Top of MATERIAL FOR THIS EXERCISE

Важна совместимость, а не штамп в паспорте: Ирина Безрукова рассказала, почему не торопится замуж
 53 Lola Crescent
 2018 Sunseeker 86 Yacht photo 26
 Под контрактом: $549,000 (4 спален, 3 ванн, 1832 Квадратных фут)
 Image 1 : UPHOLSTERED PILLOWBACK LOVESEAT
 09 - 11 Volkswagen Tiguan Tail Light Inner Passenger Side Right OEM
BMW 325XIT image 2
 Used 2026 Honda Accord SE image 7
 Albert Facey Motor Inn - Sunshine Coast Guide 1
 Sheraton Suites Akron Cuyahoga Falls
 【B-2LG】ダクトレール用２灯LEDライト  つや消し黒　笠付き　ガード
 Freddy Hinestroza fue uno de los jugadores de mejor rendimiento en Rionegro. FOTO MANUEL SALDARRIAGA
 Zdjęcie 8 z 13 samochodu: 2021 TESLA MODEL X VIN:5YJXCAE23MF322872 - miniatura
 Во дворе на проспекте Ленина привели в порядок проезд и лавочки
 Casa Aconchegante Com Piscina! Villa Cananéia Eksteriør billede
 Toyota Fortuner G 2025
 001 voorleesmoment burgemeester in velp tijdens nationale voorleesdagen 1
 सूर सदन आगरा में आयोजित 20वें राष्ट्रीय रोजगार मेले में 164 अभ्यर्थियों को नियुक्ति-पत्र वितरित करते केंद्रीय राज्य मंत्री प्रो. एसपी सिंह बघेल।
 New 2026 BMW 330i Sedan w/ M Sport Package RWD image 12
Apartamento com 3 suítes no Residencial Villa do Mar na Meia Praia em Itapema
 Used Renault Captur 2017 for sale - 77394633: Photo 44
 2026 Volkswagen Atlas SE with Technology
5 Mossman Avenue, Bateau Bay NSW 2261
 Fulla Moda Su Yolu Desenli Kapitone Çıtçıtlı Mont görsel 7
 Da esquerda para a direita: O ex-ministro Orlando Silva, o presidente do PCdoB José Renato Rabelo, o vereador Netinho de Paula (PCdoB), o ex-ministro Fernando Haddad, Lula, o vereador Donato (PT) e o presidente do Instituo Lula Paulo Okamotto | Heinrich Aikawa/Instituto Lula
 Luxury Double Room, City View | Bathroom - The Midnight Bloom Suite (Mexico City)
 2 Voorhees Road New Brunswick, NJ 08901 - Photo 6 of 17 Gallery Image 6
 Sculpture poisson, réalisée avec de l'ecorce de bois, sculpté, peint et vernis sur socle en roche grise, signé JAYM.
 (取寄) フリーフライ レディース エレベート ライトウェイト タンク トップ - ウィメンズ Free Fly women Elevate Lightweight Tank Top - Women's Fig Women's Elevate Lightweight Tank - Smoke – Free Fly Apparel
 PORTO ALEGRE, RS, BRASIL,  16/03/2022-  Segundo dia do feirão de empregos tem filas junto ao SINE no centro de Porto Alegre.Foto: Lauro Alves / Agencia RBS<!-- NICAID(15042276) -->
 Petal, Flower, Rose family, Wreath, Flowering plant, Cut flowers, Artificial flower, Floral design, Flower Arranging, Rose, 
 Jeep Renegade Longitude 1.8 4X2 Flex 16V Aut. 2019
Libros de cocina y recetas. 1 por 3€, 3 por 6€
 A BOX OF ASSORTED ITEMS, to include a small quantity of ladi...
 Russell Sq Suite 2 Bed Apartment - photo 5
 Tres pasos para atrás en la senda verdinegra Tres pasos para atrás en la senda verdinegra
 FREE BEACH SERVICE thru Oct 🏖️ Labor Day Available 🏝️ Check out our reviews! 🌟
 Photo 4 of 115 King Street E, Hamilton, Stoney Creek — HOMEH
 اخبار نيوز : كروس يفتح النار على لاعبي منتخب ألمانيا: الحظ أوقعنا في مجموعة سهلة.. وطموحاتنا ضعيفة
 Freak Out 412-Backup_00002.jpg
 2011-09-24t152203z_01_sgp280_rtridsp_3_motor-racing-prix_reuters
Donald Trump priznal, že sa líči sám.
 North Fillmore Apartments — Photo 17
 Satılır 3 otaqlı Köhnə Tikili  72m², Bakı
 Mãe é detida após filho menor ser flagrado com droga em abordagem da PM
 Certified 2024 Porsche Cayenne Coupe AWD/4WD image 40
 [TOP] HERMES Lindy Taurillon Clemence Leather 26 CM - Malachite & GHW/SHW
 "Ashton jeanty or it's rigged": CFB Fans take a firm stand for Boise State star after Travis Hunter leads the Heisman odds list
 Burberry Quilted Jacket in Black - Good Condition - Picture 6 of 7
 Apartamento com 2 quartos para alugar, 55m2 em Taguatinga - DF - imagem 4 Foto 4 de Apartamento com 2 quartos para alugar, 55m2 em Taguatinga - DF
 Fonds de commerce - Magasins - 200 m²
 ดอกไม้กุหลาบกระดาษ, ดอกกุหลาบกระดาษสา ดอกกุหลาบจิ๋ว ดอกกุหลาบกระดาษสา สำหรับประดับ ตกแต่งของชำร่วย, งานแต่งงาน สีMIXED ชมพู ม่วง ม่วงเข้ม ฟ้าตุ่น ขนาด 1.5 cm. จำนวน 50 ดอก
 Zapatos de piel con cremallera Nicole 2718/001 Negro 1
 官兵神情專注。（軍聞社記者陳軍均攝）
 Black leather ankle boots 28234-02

Bottom of MATERIAL FOR THIS EXERCISE

_WORK REQUIRED_
Would you repeat the lines from the one containing "官兵神情專注。（軍聞社記者陳軍均攝）" through the end of the data, exactly, with nothing before or after them?

_PROBLEM SOLUTION_
 官兵神情專注。（軍聞社記者陳軍均攝）
 Black leather ankle boots 28234-02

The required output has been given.